* Requirement
Copy without pictures. Please restate each line of the listing exactly.

* Data extract
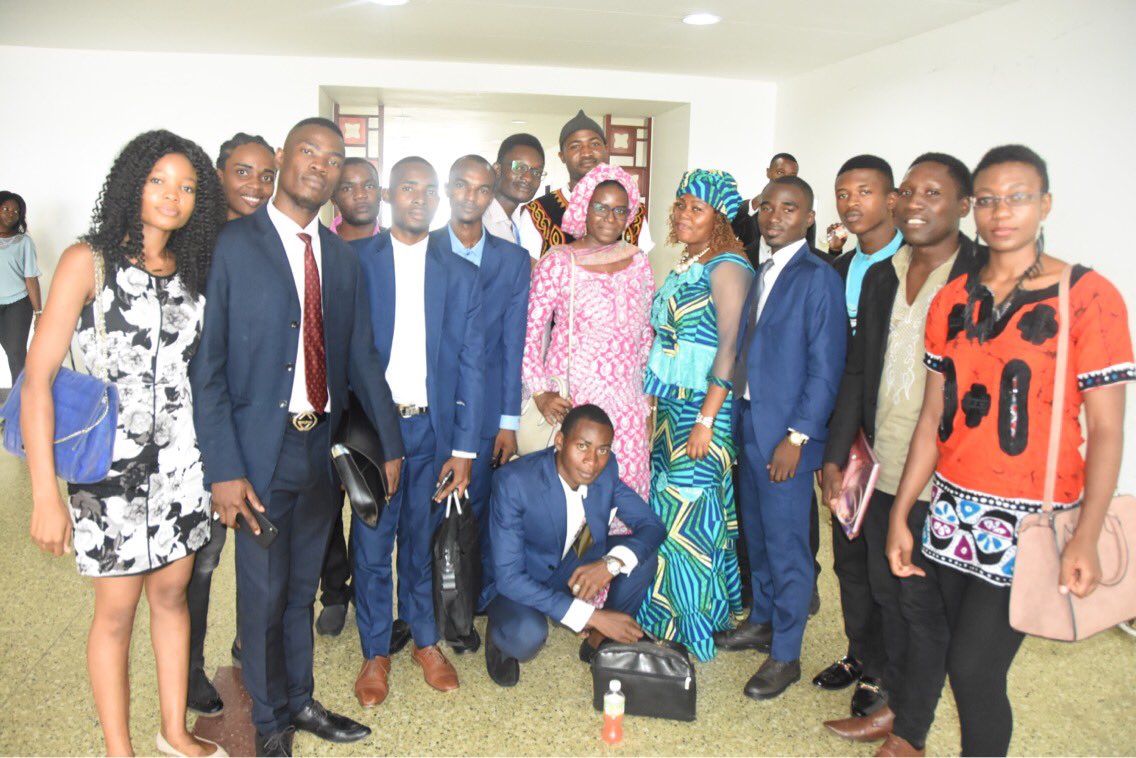 NgobeuC's tweet photo. YES HEALTH team was there today at the Conference organized by the United Nations Cameroon, on the theme "Youth Innovation and business  opportunities: the Youth Connekt approach". 

Pregnant women are targeted on SDGs 3: They need cares access and prenatal consultations https://t.co/edqXuePHDO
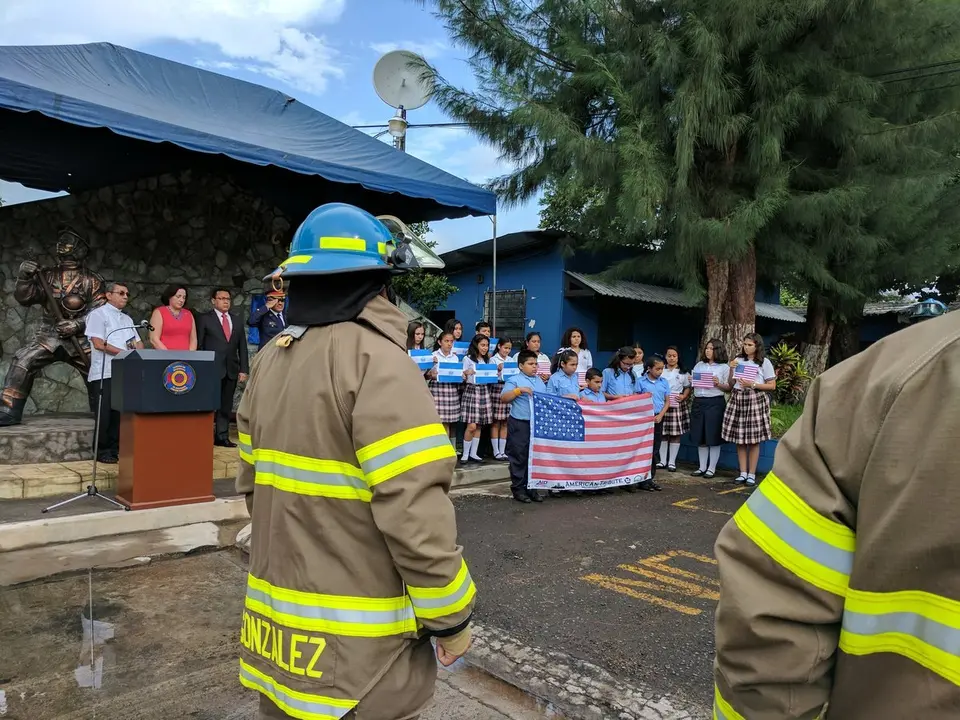 Conmemoraci&oacute;n del 11 de septiembre en el Cuerpo de Bomberos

* Output
 NgobeuC's tweet photo. YES HEALTH team was there today at the Conference organized by the United Nations Cameroon, on the theme "Youth Innovation and business  opportunities: the Youth Connekt approach". 

Pregnant women are targeted on SDGs 3: They need cares access and prenatal consultations https://t.co/edqXuePHDO
 Conmemoraci&oacute;n del 11 de septiembre en el Cuerpo de Bomberos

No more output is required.